Hand Over Hand by Alma Fullerton

Hand Over Hand

Alma Fullerton, Author

Renné Benoit, Illustrator

Second Story Press, Fiction, Mar. 14, 2017

Suitable for Ages: 4-8

Themes: Fishing, Gender roles, Courage, Empowerment, Intergenerational, Multicultural

Opening: On the shores of a Filipino fishing village an old banca boat rocks as waves lick its keel. WHOOSH, WHOOSH, WHOOSH.

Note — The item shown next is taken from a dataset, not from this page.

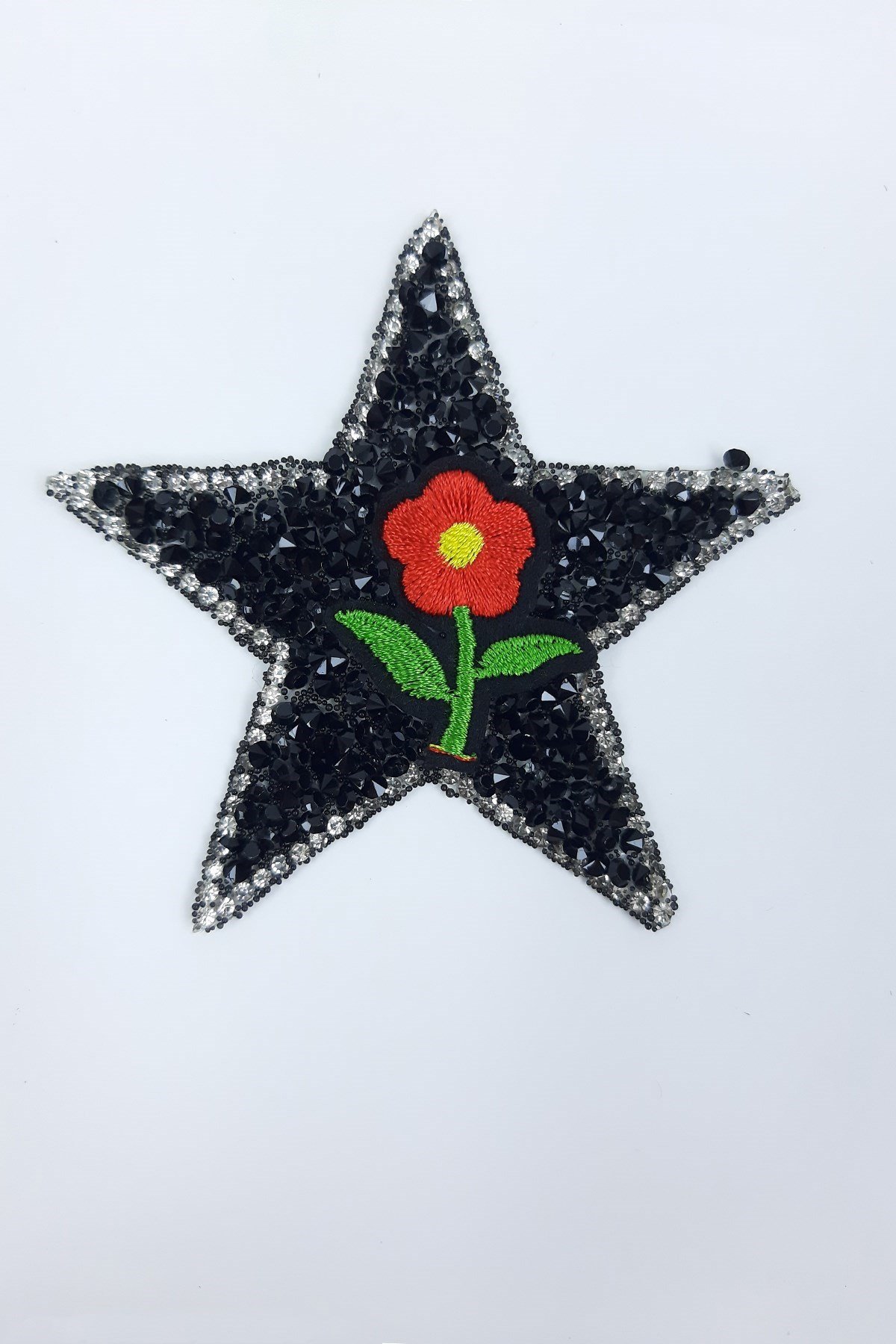 Kırmızı Çiçekli Yıldız Arma (Yama)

Synopsis: Nina wants to convince her grandfather – lolo –  to take her fishing with him on his old banca boat. Lolo’s answer is always the same: “A boat is not the place for a girl. Your job is on shore.”  Nina doesn’t want to dry fish with the women and is determined to show her grandfather that a girl can go fishing and do everything a boy can do. When she promises lolo that she will bait her own hook and remove her own fish, her grandfather says “Okay, we will try it. Just for today.”  The other fisherman scoff.  While lolo’s buckets fill with fish, Nina waits for a single tug. Will she prove to her village that a girl can fish?

Why I like this book:

Alma Fullerton has written a charming story about a Filipino girl with big ambitions and a lot of courage. It is also an empowering story for children to see Nina believe in herself. She wants to prove to her grandfather and her village that a girl can do what ever she wants. She’s smart and doesn’t give up, especially when she’s not getting any nibbles.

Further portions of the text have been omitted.